Now I had much clearer faces and images to work with.
I frowned, looking closer as I blew one of the group photos up large. Three of the people were wearing a type of robe. Freemasons, maybe?
I zeroed in on the person closest to the foreground. A woman. She wasn’t facing the camera, but maybe that was good. Because there was a symbol on the back of the robe.
What was that?
I isolated the symbol and sharpened it with the Photoshop tools. It was basically a ladder stretching diagonally across a hexagon. Monks were climbing the ladder, winged angels and demons surrounding. The symbol looked ancient.
Next, I scrutinised the faces. I didn’t recognise the Wilson Carlisle character that Constance had told me about. Maybe he looked radically different fourteen years ago.
I copied each face in turn and kept it in a separate folder. I’m coming for each one of you, I whispered under my breath. I’m going to find out why you people were at that meeting.
I returned to the picture of the symbol and tried an internet image search on it.
I sat back, stunned, as similar images came straight up.
The other images had a name. The Ladder of Divine Ascent. A religious symbol dating way back. Twelfth century. Monks ascending heaven on the thirty rungs of the ladder, each rung a different stage of the journey.
Okay, so these people were a religious group? That ruled out the Freemasons. So what I had so far was an ancient religious group hiding behind a historical-society shopfront. That sounded nuts. If these people were traffickers, they weren’t like any traffickers I’d heard about. They were a cult.
Constance’s investigator had been right. This group were religious nuts. Religious nuts with bad vices and criminal dealings.
This symbol was a little different to the ones on my screen, but I needed an expert to take a look and tell me what it all meant. A priest? The only church I’d ever heard about in Paris was the Notre Dame—the church everyone had heard of. But I couldn’t afford to spend the time in the hope that a priest would agree to see me or that they’d know anything about the symbol, especially if it was as old as it seemed.
I had to get to Greece and figure it all out there. Besides, the Australian police knew I was in France, and I needed not to be here anymore.

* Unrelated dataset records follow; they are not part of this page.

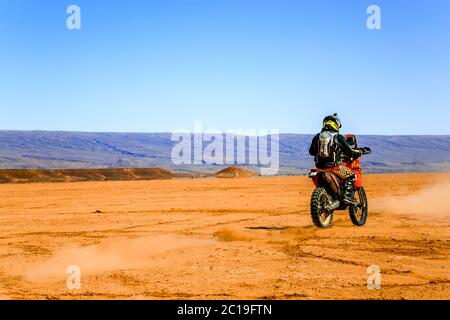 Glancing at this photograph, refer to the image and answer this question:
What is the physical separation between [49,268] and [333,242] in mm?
4755

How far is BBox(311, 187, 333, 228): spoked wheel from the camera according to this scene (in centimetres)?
1182

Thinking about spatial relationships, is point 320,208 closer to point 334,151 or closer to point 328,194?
point 328,194

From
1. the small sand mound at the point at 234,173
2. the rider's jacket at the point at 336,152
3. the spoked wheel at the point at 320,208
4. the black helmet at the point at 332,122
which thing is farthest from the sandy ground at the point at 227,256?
the small sand mound at the point at 234,173

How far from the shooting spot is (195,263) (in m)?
8.82

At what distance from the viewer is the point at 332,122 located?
1245 centimetres

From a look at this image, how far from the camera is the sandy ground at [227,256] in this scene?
6.98 m

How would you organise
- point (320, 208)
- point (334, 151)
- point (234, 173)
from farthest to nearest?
point (234, 173) < point (334, 151) < point (320, 208)

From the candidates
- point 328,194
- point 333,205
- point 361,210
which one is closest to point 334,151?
point 328,194

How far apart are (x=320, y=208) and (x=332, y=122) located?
71.5 inches

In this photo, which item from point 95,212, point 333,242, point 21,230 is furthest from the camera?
point 95,212

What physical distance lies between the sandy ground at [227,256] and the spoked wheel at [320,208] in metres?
0.22
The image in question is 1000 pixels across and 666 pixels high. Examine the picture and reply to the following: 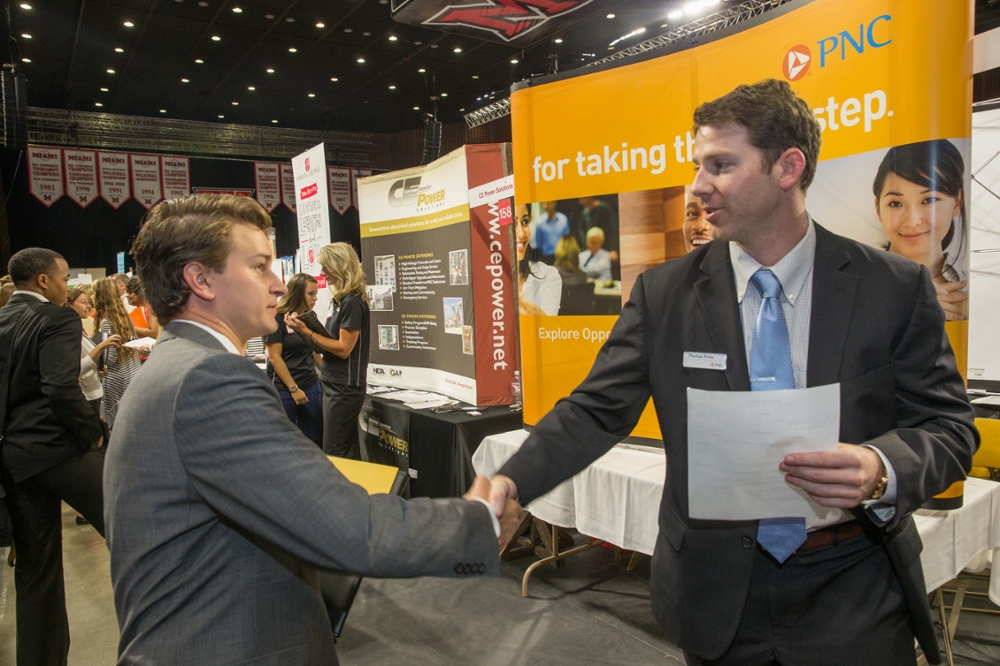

Putting the photocopies away carefully in my bag, I exited the library.
How did I get to Greece now that Interpol were involved? I didn’t have a clue.
49. Constance
I STEPPED FROM THE COOL AIRPORT AT Athens, only to be soaked through with sweat within minutes. Sweat trickled between my breasts, pooled in my navel and then seeped along the waistband of my shorts.
I stood under the broad sunlight, not wanting to know what the back half of my clothing looked like.
Summer in Greece was stupidly hotter than summer in England. I pictured Rosemary. Rosemary wouldn’t have let any of this slow her down.
I’d looked up the names of people working against people trafficking, and now, somehow, I had to track them down.
People pressed in on me from all sides—businesspeople and families excited to be starting their summer holiday. Walking up to a line of yellow taxis, I directed the driver to take me into the city. He asked me for a location, and I couldn’t tell him. I hadn’t planned that far ahead. All I knew was that I didn’t want to head straight to my hotel. Wilson Carlisle knew who I was, and if he was trying to find Gray, then he might have people keeping an eye on me, too. The driver suggested the Acropolis Museum, and I nodded. Going the tourist route might throw them off-track and cause them to discount me as a danger to them. At the same time, I knew I couldn’t win at this game. They had the advantage in every way. I just had to hope they had little interest in me.
A welcome cool enveloped me as I entered the museum. I wandered among the artworks, stopping to grab a cold drink and a bite to eat at one of their cafés.
I stepped through a display named the Archaic Gallery. All white, with soaring ceilings. Marble statues stood on rectangular stands among thick round columns. The statues were clothed and unclothed, dismembered and with missing parts, and had me sweating anew. These relics of an ancient world were all so other in contrast to the world I inhabited. Too vast and too strange.
I leaned against a stone column, letting a wave of nausea pass through me. I needed to take my anti-anxiety pills. This was all too much, and I needed to find a centre of calm. For Kara’s sake.
Deep inside my bag, my phone tinkled. It wasn’t the ringtone of my regular phone. It was the private phone. I’d forgotten to throw it away. I answered tentatively, wondering if the police or a stranger had somehow gotten hold of this number.